= The task =
Return the listing in full. Keep every word as it stands.

= Collected data =
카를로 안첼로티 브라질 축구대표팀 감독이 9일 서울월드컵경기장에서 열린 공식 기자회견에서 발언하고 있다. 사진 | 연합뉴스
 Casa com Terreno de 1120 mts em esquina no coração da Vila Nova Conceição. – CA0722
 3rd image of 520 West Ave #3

= Your response =
카를로 안첼로티 브라질 축구대표팀 감독이 9일 서울월드컵경기장에서 열린 공식 기자회견에서 발언하고 있다. 사진 | 연합뉴스
 Casa com Terreno de 1120 mts em esquina no coração da Vila Nova Conceição. – CA0722
 3rd image of 520 West Ave #3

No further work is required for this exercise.